Great story for the right lure selection, nice fish


----------



## txranger (Jun 23, 2005)

Wow. Nice fish Capt!


----------



## Eltruchador (Apr 8, 2005)

Very nice fish.
Thanks for the info. on how she was caught.


----------



## tight line (Aug 28, 2005)

awsome!!! jay


----------



## bigfost (Oct 11, 2004)

Just imagine what that big girl would have looked like before she spawned out.

Awesome!


----------



## Redfishr (Jul 26, 2004)

congrats on a really nice fish.....


----------



## lxa393 (Jul 27, 2005)

Very nice trout. Great job on spotted the fish and making the right lure change. Doesn't get any better.


----------



## BowlingForFish (Apr 7, 2006)

*What a fine fish. Way to go!*


----------



## jeffpjacob (Mar 14, 2006)

Very nice fish, Darrell.


----------



## fishbowl365 (Mar 9, 2005)

man too sweet


----------



## 4x4Tahoe (Jan 10, 2006)

30 7/8"?? c'mon man, just do yourself a favor and say 31"! haha. awesome fish, i'm jealous.


----------



## Freshwaterman (May 21, 2004)

Nice Fish!


----------



## Jesfishin (Feb 2, 2006)

I am not jealous like 4X4Tahoe, I'm too busy thowing things in the truck to go see what you left.
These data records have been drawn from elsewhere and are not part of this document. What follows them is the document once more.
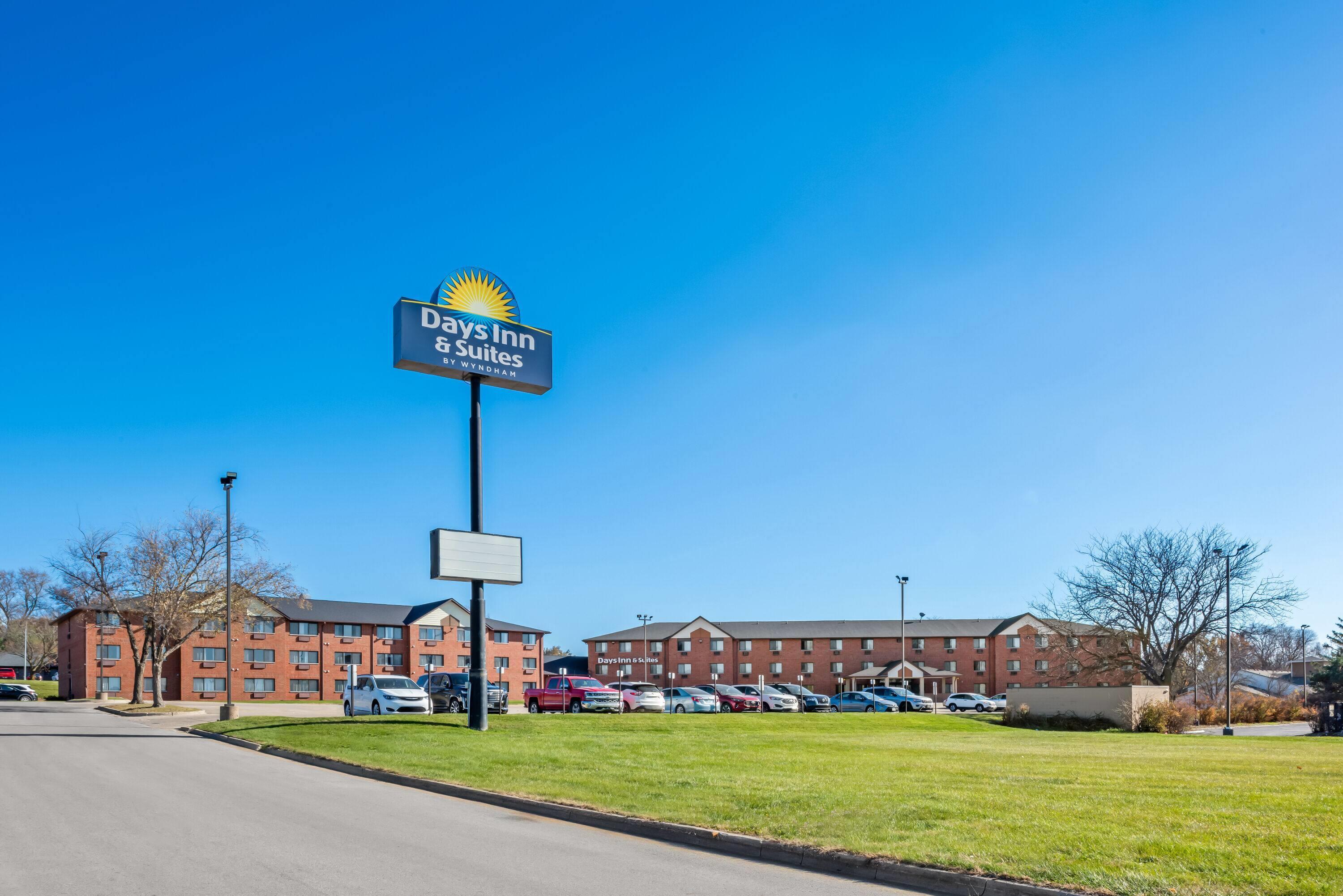 Exterior | Days Inn & Suites by Wyndham Des Moines Airport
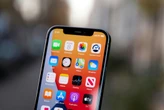 Caserta porta a riparare il suo smartphone e il suo conto in banca viene svuotato: rubati 87mila euro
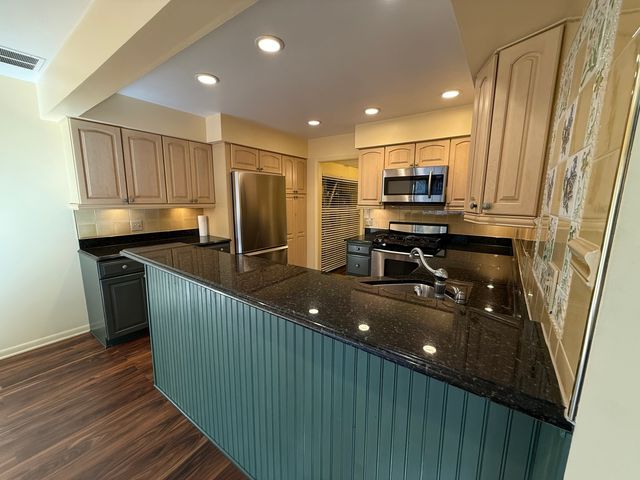 852 Dighton Lane N, Schaumburg, IL 60173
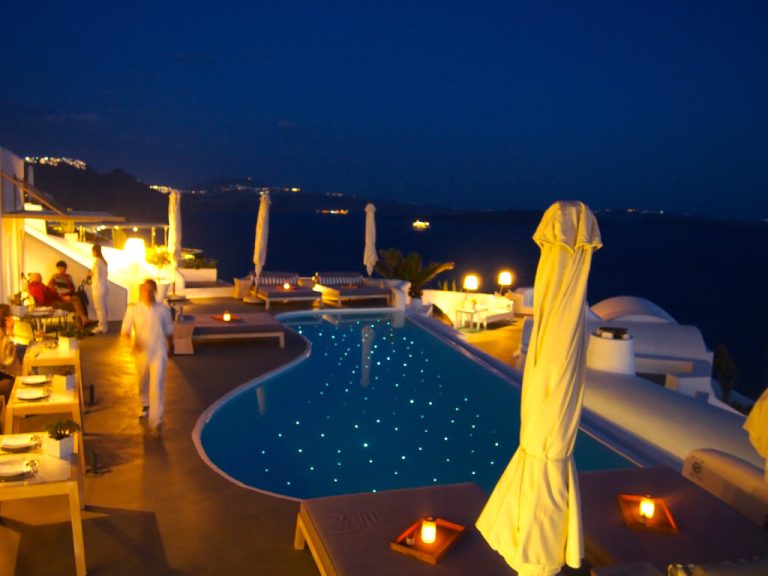 Santorini’de bulunan en sıra dışı otel: Katikies 3 @Gece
Truly Awesome fish. Tight-ens-to-ya.

Jesfishin


----------



## bigted (Sep 19, 2005)

My question is why would you keep the fish espicially since you are guide unless she is gonna go on the wall?


----------



## Too Tall (May 21, 2004)

bigted said:


> My question is why would you keep the fish espicially since you are guide unless she is gonna go on the wall?


What does being a guide have anything to do with him keeping a legal catch? He caught it. Its legal. He kept it. Whats the problem?
BTW Nice catch Capt. Thats a fine fish ya got there.


----------



## Echoduck (Jul 21, 2004)

Nice fish and excellent info on the lure change out. I have a empty spot in my boat for a trout like that but haven't been able to fill it yet.


----------



## Muddskipper (Dec 29, 2004)

Hopefully he will put her on the wall.....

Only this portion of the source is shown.